Speaking of the cowboy way

Michael Gaffney addressed a group of young riders last week at the 2014 National Little Britches Rodeo Finals.

Highlights

  • Ring of Honor member Michael Gaffney addressed a group of young riders at the 2014 National Little Britches Rodeo Finals last week.
  • "The only difference between you and me is something called perseverance," Gaffney said. "That is what life is all about.”
  • Gaffney grew up in New Mexico and learned toughness from his older brother, and father, who was a member of the Marine Corps.

In This Article

PUEBLO, Colo. – 2011 Ring of Honor member Michael Gaffney stood before a group of young aspiring bull riders and cowboys this past week at the 2014 National Little Britches Rodeo Finals at the Colorado State Fairgrounds and saw a near spitting image of himself.

The bull riders, ranging in ages from 8 to 18, all were eager to learn more about bull riding and how to become a better athlete.

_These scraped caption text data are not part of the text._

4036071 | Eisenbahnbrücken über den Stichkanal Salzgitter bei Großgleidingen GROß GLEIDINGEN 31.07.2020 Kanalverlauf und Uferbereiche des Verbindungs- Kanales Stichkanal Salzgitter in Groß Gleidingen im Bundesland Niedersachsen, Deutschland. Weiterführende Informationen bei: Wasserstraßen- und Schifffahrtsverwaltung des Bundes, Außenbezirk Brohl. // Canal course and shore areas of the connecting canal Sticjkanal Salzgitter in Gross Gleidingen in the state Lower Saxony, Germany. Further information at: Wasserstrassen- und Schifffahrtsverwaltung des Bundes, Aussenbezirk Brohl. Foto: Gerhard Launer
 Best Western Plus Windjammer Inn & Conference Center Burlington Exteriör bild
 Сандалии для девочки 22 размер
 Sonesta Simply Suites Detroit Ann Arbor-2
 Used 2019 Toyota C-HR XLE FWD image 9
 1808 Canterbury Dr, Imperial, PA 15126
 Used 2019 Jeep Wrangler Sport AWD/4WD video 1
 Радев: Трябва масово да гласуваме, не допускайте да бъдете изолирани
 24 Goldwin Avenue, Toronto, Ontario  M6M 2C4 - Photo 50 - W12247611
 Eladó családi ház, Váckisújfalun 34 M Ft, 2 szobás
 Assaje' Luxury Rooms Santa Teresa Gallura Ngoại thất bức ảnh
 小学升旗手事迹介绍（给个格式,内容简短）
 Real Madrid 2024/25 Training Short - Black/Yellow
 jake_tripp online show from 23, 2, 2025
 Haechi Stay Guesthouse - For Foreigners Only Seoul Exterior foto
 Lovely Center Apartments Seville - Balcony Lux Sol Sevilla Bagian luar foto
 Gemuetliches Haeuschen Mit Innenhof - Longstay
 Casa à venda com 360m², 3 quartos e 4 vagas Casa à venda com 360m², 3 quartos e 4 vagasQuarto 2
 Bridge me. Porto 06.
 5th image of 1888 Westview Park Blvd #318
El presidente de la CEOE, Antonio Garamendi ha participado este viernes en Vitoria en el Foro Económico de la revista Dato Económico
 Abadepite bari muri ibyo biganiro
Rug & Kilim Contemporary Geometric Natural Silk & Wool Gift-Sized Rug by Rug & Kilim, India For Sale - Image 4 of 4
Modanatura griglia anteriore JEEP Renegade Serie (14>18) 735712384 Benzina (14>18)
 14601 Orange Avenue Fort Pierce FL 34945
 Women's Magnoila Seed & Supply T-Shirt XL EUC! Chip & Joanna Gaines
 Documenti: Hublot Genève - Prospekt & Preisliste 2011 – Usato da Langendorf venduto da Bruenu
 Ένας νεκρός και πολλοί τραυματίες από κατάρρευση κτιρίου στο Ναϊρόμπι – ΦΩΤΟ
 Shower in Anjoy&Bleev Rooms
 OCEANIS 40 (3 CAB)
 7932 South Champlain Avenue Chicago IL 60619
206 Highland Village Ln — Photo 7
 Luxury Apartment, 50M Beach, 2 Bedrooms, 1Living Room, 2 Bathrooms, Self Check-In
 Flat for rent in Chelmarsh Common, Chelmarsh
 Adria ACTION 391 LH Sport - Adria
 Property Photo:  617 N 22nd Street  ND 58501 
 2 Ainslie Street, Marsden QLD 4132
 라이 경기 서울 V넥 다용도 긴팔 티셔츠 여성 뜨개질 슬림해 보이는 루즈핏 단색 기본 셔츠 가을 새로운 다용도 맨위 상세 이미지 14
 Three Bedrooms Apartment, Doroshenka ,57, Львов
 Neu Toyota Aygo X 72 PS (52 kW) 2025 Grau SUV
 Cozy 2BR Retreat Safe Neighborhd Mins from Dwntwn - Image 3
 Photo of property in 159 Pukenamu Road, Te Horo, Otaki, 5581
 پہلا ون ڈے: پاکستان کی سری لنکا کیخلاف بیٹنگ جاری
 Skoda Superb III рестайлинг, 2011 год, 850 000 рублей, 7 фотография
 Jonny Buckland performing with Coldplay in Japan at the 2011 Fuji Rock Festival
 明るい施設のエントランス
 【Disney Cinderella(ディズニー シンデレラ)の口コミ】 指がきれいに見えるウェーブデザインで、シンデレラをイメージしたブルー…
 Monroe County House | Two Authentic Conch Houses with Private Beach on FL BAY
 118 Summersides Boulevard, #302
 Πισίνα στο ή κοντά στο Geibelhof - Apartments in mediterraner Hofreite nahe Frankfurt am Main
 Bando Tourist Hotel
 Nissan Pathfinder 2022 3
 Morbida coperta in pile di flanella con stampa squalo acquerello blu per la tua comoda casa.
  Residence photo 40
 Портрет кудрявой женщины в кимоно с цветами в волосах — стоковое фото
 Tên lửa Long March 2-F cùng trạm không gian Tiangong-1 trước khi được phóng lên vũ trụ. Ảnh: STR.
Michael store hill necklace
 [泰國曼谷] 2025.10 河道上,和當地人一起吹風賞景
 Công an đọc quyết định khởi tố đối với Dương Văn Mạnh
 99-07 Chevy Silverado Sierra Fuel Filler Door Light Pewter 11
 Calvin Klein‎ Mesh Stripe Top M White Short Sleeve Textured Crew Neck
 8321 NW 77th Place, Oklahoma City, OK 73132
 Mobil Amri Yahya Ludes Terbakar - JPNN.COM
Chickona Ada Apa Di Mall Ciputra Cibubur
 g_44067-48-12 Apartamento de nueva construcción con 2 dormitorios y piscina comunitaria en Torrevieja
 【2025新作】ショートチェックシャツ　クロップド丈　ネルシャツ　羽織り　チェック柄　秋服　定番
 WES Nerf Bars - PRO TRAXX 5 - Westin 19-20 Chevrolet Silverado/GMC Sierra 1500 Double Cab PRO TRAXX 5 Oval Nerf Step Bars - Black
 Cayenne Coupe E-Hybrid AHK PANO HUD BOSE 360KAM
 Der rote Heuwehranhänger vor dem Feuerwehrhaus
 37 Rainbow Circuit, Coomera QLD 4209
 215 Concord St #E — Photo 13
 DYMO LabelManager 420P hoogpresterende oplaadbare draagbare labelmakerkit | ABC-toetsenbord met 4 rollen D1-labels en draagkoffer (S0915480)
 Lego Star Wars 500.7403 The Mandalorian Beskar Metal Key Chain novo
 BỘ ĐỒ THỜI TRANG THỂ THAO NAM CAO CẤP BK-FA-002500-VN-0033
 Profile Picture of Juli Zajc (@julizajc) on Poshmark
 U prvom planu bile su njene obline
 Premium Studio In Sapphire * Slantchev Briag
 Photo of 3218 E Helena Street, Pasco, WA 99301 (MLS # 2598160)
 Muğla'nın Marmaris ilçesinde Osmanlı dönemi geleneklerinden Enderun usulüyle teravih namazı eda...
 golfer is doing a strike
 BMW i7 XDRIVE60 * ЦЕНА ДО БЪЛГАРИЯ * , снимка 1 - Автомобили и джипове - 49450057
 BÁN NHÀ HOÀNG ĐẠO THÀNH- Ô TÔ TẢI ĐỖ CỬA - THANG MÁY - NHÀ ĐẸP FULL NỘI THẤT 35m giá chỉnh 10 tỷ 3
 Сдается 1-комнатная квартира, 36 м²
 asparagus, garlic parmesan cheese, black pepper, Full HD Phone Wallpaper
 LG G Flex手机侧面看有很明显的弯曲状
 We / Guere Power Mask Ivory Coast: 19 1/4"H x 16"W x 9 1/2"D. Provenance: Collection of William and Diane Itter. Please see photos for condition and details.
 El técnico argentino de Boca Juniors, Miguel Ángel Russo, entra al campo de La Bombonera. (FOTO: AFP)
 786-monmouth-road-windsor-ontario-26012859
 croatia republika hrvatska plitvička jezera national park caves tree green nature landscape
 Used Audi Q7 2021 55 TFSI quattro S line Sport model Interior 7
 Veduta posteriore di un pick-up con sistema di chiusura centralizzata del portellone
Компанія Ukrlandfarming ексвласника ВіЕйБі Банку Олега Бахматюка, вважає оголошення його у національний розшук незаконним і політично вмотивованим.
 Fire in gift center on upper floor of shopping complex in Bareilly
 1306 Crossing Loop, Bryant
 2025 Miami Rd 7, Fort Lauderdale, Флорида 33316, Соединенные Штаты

Twenty-six years ago to this week, Gaffney was right there sitting in Pueblo at the National High School Finals Rodeo. He was 18 years old and looking to make a name for himself, impress college scouts and showcase his talent as a bull rider.

He had dreams and aspirations of one day becoming a professional bull rider.

The 45-year-old never considers himself a preacher or a coach, but he wanted to make something clear to the young kids this past Monday.

“Whatever level of cowboy you want to be is up to you,” Gaffney said. “It is all up to you. I was no different than you 26 years ago. I had great aspirations and pulled out my guts and went for it. The only difference between you and me is something called perseverance. That is what life is all about.”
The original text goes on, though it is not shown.